A teaching assistant friend of his at M.I.T. said that more than half of the students in his section consistently and flagrantly copied answers on problem sets. Moreover, he said, when he complained of this to his fellow teachers, they cynically acknowledged that they were in the same boat. Worse, the confirmation was laden with apathy. Cheating was a de fato policy among students.

Dan continues that there is a clear dissonance in our society between the interest of those who give grades, those who get the grades, and those who want the grades. Grades are intended to be a byproduct of learning. A measure independent of the process. But for anyone who has been pushed to study those few extra ours to ace the finals, the proposition that grades area merely ancillary to the learning process is ridiculous.

Dan continues “The situation has grown so dire that students at top universities cannot imagine learning without school, motivation without grades, and success without measurement. The nation’s best students have become so tied to the system they have mastered that the system has mastered them. In some ways they are worse off than they were before they began their education. In most cases, all they have gained is a knowledge of facts, and they have lost confidence in their ability to think, learn, analyze and absorb unaided.”

A professional education company (Kaplan) has an ad that says simply, “Higher score. Brighter future.” Dan says it should be, “Smarter kid. Brighter future” or “Harder worker. Brighter future. A higher SAT score.

I couldn’t wait to get out of high school and I couldn’t wait to get out of college. I attended because I knew I had to have these “hunting licenses” or I would not be able to be what I wanted to be. Most of my teachers taught “rote” (they all taught discipline and were backed up by administration and parents, unlike in so many public schools today)and other than reading, writing and basic math, taught me to teach the same way I was taught, rather dull and uninteresting. Yet I considered myself a better than average teacher because I taught kids how to acquire the other tools that would help them succeed in life; namely, what the word work really meant, to communicate, to ask, to tell me in what they were most interested in; that I way I could try to guide them to what they would need to study to fulfill their interests, to listen, to be on time, to be self-disciplined, to complete a task, to follow rules, look after their health, to participate but only in so much participation that they could handle, to compete fairly and not expect that the world owed them a living.

We were all fortunate we were not being taught to tests and did not teach to tests.

Since I was also head coach, I ran into conflict with the FFA teacher. I advised the boys interested in both sports and the FFA at the same after school hours, to make a choice and dedicate themselves to their choice. These were hard decisions they would face later on in life; do not spread yourself too thin and disappoint themselves and those who “count” on your full participation.

We would be far better off in educating our kids today if we had less governmental interference, less pedagogy, less testing for tests, more innovative teachers, more support for these teachers from all levels above, more merit incentive and more self disciplining families, who are the root of the successes and failures of our schools and the product they produce.
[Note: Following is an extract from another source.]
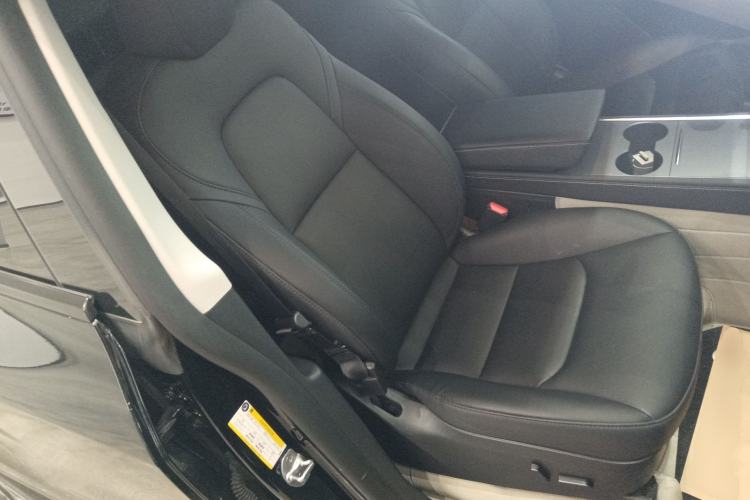 Used Tesla Model Y 2023 Rear-Wheel-Drive Version Right Front Seat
As I blogged recently, when I owned my business, we only used an “outside” consultant one time and we really didn’t learn more than what we already knew. We still lacked the finances we needed to make most of the changes recommended. Does this statement sound familiar locally? Unfortunately, I have seen way too many “consultants” with impressive degrees trying to tell us here in Peoria what enough of us if called on and listened to, already know.

And we would provide our services for free.